February 6, 2013
by Timothy Myers
Orlans Associates, P.C. – USFN Member (Michigan)
On December 12, 2012, the U.S. Court of Appeals for the Sixth Circuit issued an opinion in Mitan v. Federal Home Loan Mortgage Corporation, __ F.3d __, 2012 U.S. App. LEXIS 25979 (6th Cir. 2012).
In Mitan, the plaintiff challenged the validity of the sheriff’s deed, claiming that he had been denied a loan modification opportunity under Michigan’s foreclosure statute. The trial court dismissed the case, finding that the redemption period had expired, and the plaintiff therefore lacked standing to maintain the suit. While the court of appeals acknowledged that Michigan law generally restricts a borrower’s ability to maintain claims once redemption has expired, it found that the violation of the loan modification opportunity was a structural defect in the foreclosure that voided the sale. If the foreclosure was void, the court reasoned, the redemption period would not have run and the borrower would have standing to maintain his claims. This case effectively extends the post-redemption opportunity for a borrower to challenge the sale simply by alleging a defect associated with loan modification efforts, even though the statute contains an exclusive remedial provision for such a violation that limits the borrower’s rights to enjoining the sale and demanding the foreclosure be done judicially.

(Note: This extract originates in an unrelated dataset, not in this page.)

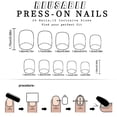 thumbnail image 3 of 24x Square False Nails Snowmen Press On Nails Snowflake Artificial Nails Full Cover Stick on Nails Manicures Supplies, 3 of 4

The significance of Mitan may be short-lived, however. In reaching its decision, the court relied on Davenport v. HSBC Bank USA, 275 Mich. App. 344 (2007), a case that held structural defects in foreclosure proceedings render the sale void. The Michigan Supreme Court, nine days after Mitan was decided, issued Kim v. JPMorgan Chase Bank, NA, Docket No. 144690, __ Mich. __, 2012 Mich. LEXIS 2220 (Mich. Dec. 21, 2012), in which it expressly rejected Davenport and held that defects in the foreclosure process render the sale voidable instead of void. Moreover, Kim suggests that where a defect in the foreclosure exists, borrowers must nevertheless demonstrate prejudice showing they would have been in a better position to preserve their interest in the property absent the noncompliance with the statute. The standard set forth by Kim places a more stringent burden on borrowers than that found in Mitan.
The holdings of the two cases are contradictory, and at least one court in the Eastern District of Michigan has declined to follow Mitan as a result of Kim. [Acheampong v. Bank of New York Mellon, Case No. 12-13223 (Jan. 16, 2013)]. The Sixth Circuit has been asked to reconsider its Mitan decision in light of Kim, although no decision has been made on that petition at this time.